Make an exact copy of the lines from the top of the entries below through the line with "paard-schermafbeelding-2023-01-26-om-133619.png". Leave all pictures out.

━━━━━ Dataset extract

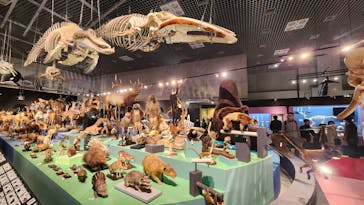 特別展「大哺乳類展３－わけてつなげて大行進」に投稿された画像（2024/3/22）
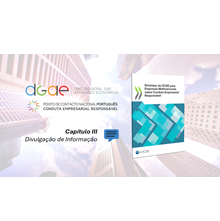 Diretrizes da OCDE: Capítulo III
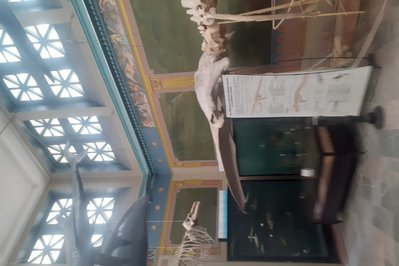 Oceanographic Museum of Carthage in Tunis, Tunisia – Museum Information gallery image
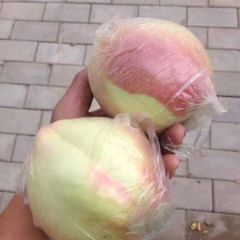 大荔蜜桃逐渐升温货源充足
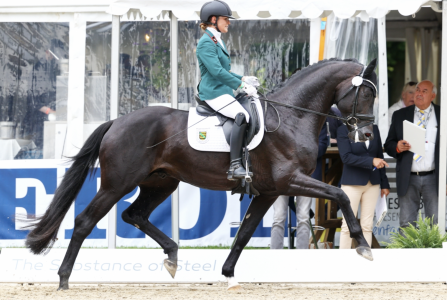 paard-schermafbeelding-2023-01-26-om-133619.png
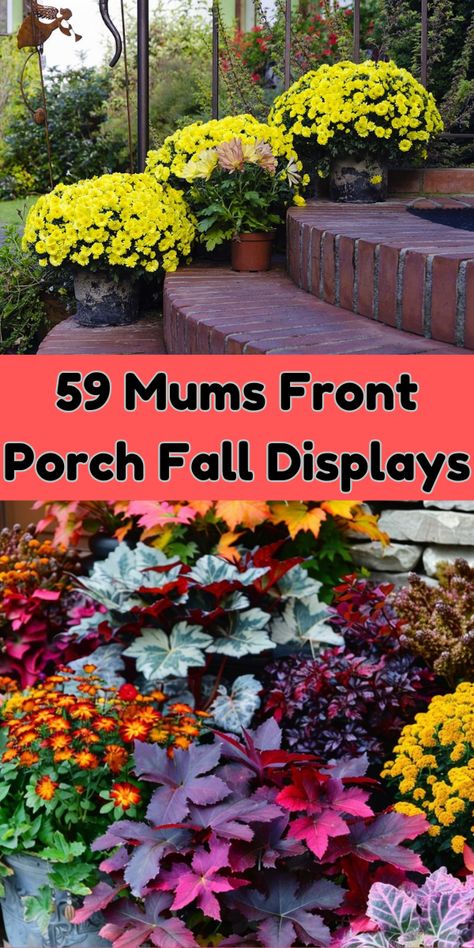 Add timeless appeal to your home with rustic mums front porch fall displays. From wood accents to natural textures, these ideas will create a warm and welcoming entryway. #RusticFallDecor #TimelessDesign #MumsInspo Mum Decor Front Porches, Mums Flowers Front Porch, Fall Mums Display, Mums Front Porch Fall Displays, Mums Front Porch, Fall Displays, Mums In Pumpkins, Front Stairs, Welcoming Entryway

━━━━━━━━━━

Answer box:
 特別展「大哺乳類展３－わけてつなげて大行進」に投稿された画像（2024/3/22）
 Diretrizes da OCDE: Capítulo III
 Oceanographic Museum of Carthage in Tunis, Tunisia – Museum Information gallery image
 大荔蜜桃逐渐升温货源充足
 paard-schermafbeelding-2023-01-26-om-133619.png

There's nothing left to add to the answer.